My grandmother was sweeter than honey, as cheerful as a rainbow and trusting—arguably to a fault. In her later years, she watched every episode of Divorce Court in great anticipation. “How sad…” she’d respond to the verdict. “I wanted them both to win!” She never gave up hope, particularly in others. But even Grandma had her limits…
One day during a cheery walk near her home, a car pulled up beside her. As the window rolled down, Grandma smiled, assuming it was a nice man from a nearby retirement community she recognized.
“Hop in,” the driver said. “I’ll give you a ride.”
Grandma entered the car, closed the door, fastened her seatbelt then looked at the driver—a total stranger. After a silent ride, during which she scarcely breathed, the car reached a stop sign. Grandma didn’t hesitate; she opened the door and fled.
That story, though gratefully anticlimactic, has popped into my head over the years, inspiring wonder. What was my sweet grandmother thinking? What was he thinking? Did more than lack of familiarity prompt her to flee? What if she hadn’t fled, or if the man stopped her? In my favorite imagined scenario my Swedish, Hindi-speaking grandmother lures the man to an Indian restaurant and kung fu-flings him into a samosa fryer. (Hi-YA!) In a way, that’s what she did. Grandma’s actions told the driver she wouldn’t succumb to his desires, whatever they were. She had no need to look back and probably never assumed someone’s identity again.
Trust wasn’t my grandmother’s detriment, but her strength. So she was a bit lax on the awareness factor. But once inside that car, she trusted her instincts and reacted. Her quick decision at the stop sign could very well have saved her life.
If you read my Life-Saving Resolutions series, you know how much I value awareness and intuition in regards to personal safety, much due to Gavin de Becker’s revolutionary book, The Gift of Fear. When I use my fear as a tool—rather than talk myself out of it—and react responsibly, I tell friends I had a “GOF moment.” I’m amazed at how many we all experience. We may never how much listening and responding to our instincts helps us, and that’s perfectly okay by me.
One of many things I love about The Gift of Fear is its emphasis on people who overcame the odds, escaping their attackers to survive. Because I find such stories ultra-inspiring, I’ve decided to launch a new series featuring GOF fear moments. We can learn a lot from others’ experiences. Take, for example, these posts:
Stacy Green: Thriller Thursday: Personal Tragedy While this story doesn’t have a happy ending, it reminds us how important gut instincts are. When we feel creeped out, it’s for a reason.

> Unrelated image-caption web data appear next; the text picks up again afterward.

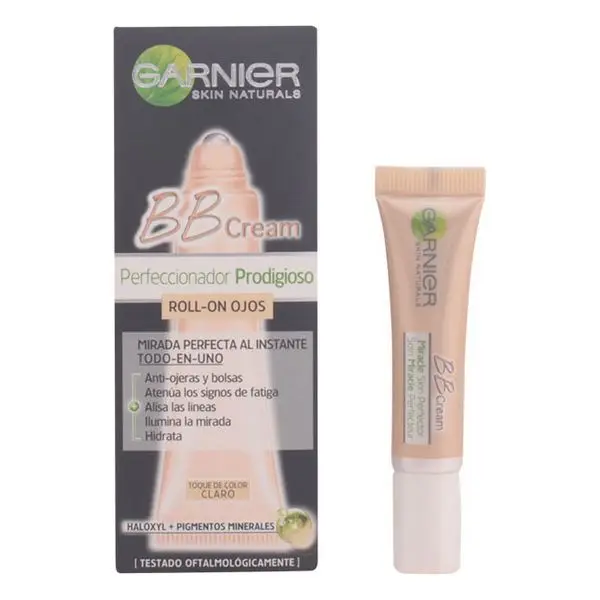 garnier eye concealer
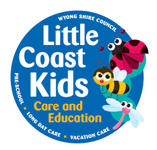 Wyong Shire Council Little Coast Kids - Adelaide Child Care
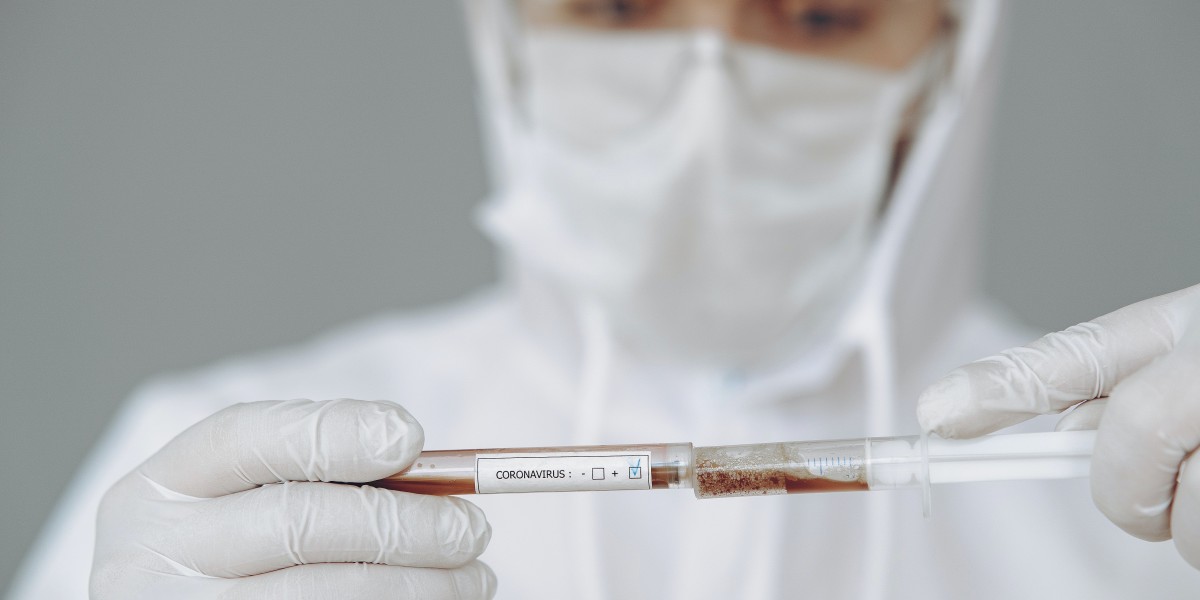 Preventing Laboratory Sample Contamination: 7 Key Causes and Solutions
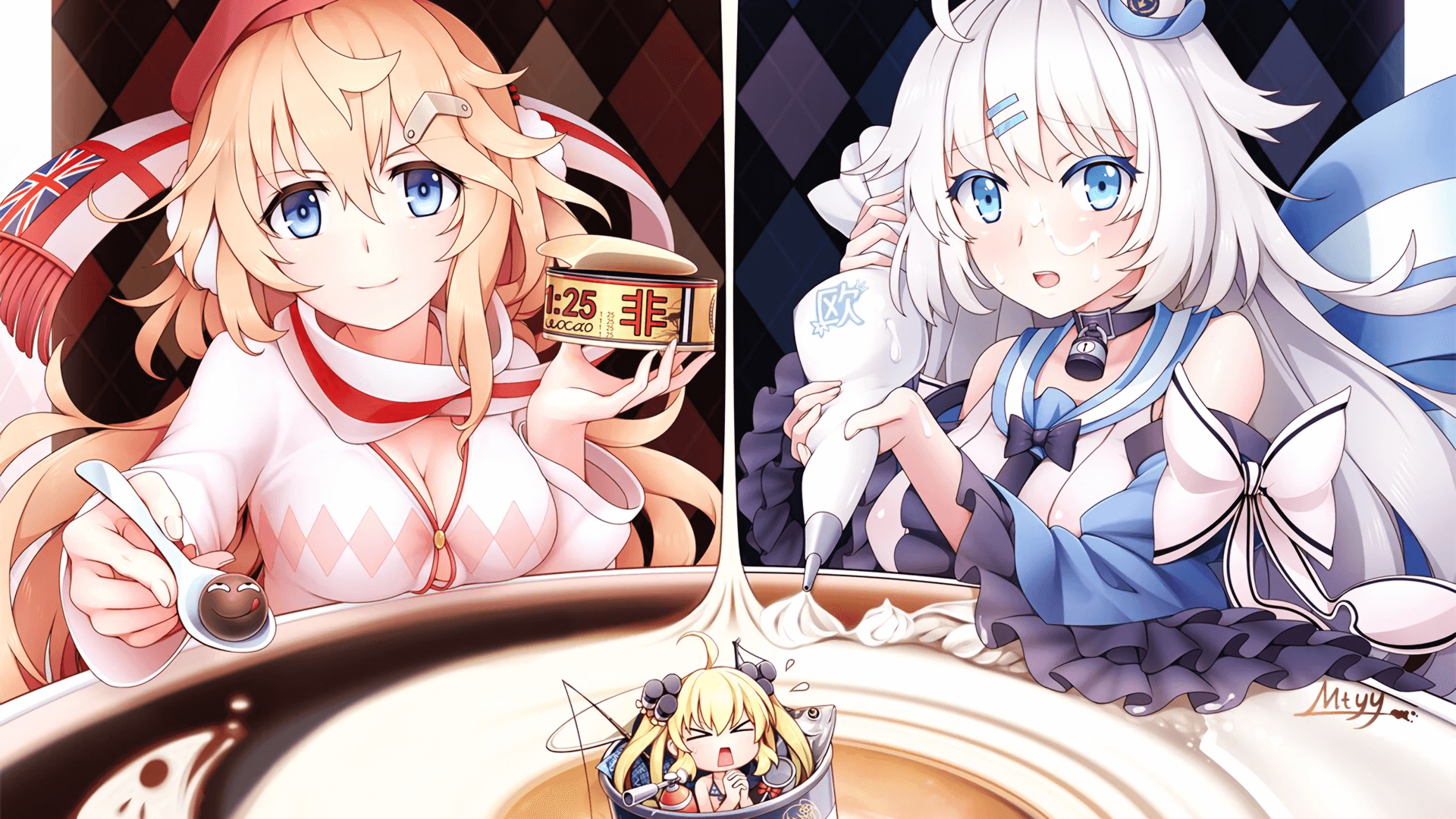 AYX官网-《《绝地求生》优化提升，游戏体验更流畅》，绝地求生优化软件叫啥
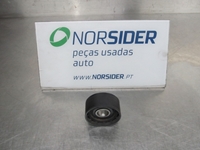 Imagem de Polie desvio da correias de acessórios Citroen Xsara de 2000 a 2004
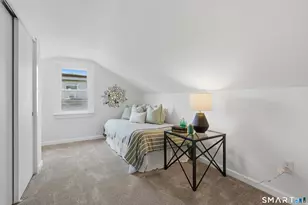 70 Prospect Place Ext, East Haven, CT 06512 - Photo 20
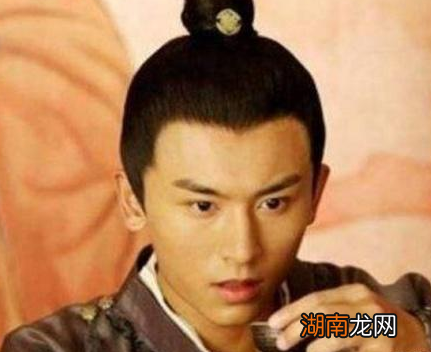 李渊和李世民的关系是什么样的 双方到底谁成就了谁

Kourtney Heinz: The Cost of Distracted Driving No phone call or text is worth taking our minds and eyes off the road. The woman featured survived, but barely. And she and her family can use our help.
Natalie Hartford: He Watched His Grandmother Die: Words from a Survivor This heart-wrenching post gives a face and name to an issue that continues to run rampant, though most of us know the risks. Knowing without reacting is like not knowing at all.
Moi: In case you missed it, my post Lifesaving Resolution #4: Trusting Your Instincts, details the time I was followed home from photo shoot in NYC. Numerous readers shared GOF moments in the comments—insightful stuff!
What sticky situations have you managed to get out of? What “stop sign” inspired a turn for the better? Any GOF moments to share? I’m all eyes/ears.